According to Keith, one of the biggest sources of confusion and misunderstanding is the fact that too often BPM design and development is done by software engineers:

Unfortunately, many people who study BPM systems, often come from a Software Engineering background, and automatically assume that BPM should have certain standard software features. Software Engineers view the system as a way to send, receive and transform information, and they are trained to reduce business problems to something that can execute in these terms. Business people do not focus on sending and reciving bytes, but instead about responsibility and commitment. It is a different way of viewing the business process. The effect of this difference is huge. By attempting to include all the Software Engineering features in with the BPM (business person) features, the result can be something that is not useful for either. You have people today still believing that BPEL is the ultimate way to implement business processes. BPEL only provides a way to send, receive, and transform... these are Software Engineering requirements, not business requirements. A Software Engineer will tell you that with these primitives you can implement anything, probably even a spreadsheet, but that misses the whole point about why we have spreadsheets and BPM in the first place: because they are not Software Engineering.
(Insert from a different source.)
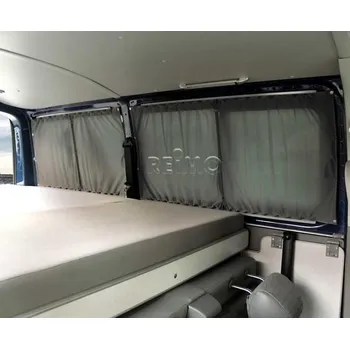 Příslušenství ke karavanu Zatemňovací závěs na zadní okna pro Volkswagen T5/T6 krátký rozvor šedý/černý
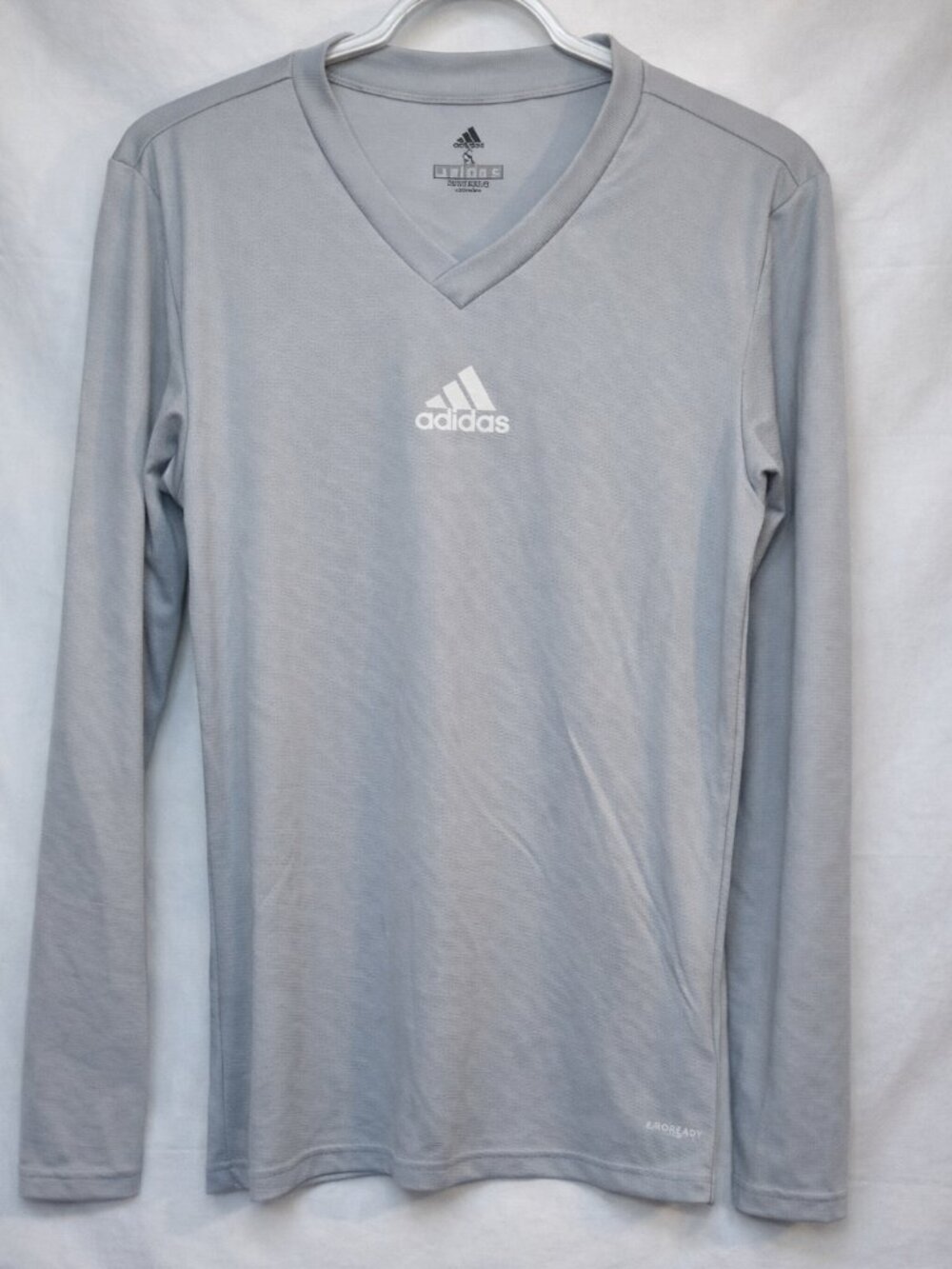 adidas Women"s Long-Sleeve V-Neck Shirt - Gray Size: S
Keith concludes his article by evaluating current OMG BPMN 2.0 activities:

There is a huge discussion on the OMG email list currently about how BPMN is just another dialect of Unified Modeling Language (UML) the diagramming standard preferred by Software Engineers. Indeed a Software Engineer might look at BPMN and see something useful for Software Engineering. Remember that OMG is primarily an organization by and for Software Engineering, and it is not altogether surprising that many OMG members would come to this conclusion. Many of them even might imagine that UML is useful for all disciplines. Making BPMN a dialect of UML would be very convenient for the Software Engineering practice of reducing a diagram to an executable program.

BPMN exists for business people to express how people interact in a business setting. There are many within OMG who understand this as well, and I hope for all our sake that they do not get drowned out by those who view all problems as Software Engineering problems. BPMN does not exist for the convenience of Software Engineers, because BPM is not Software Engineering.

There is definitely a lot of confusion in the industry about the relationship between software engineering and BPM. Those are very different, but interrelated disciplines. On one hand, it is quite possible to design and implement business processes without any automation, and on the other hand, automation of business process definitely requires significant amount of software engineering involved.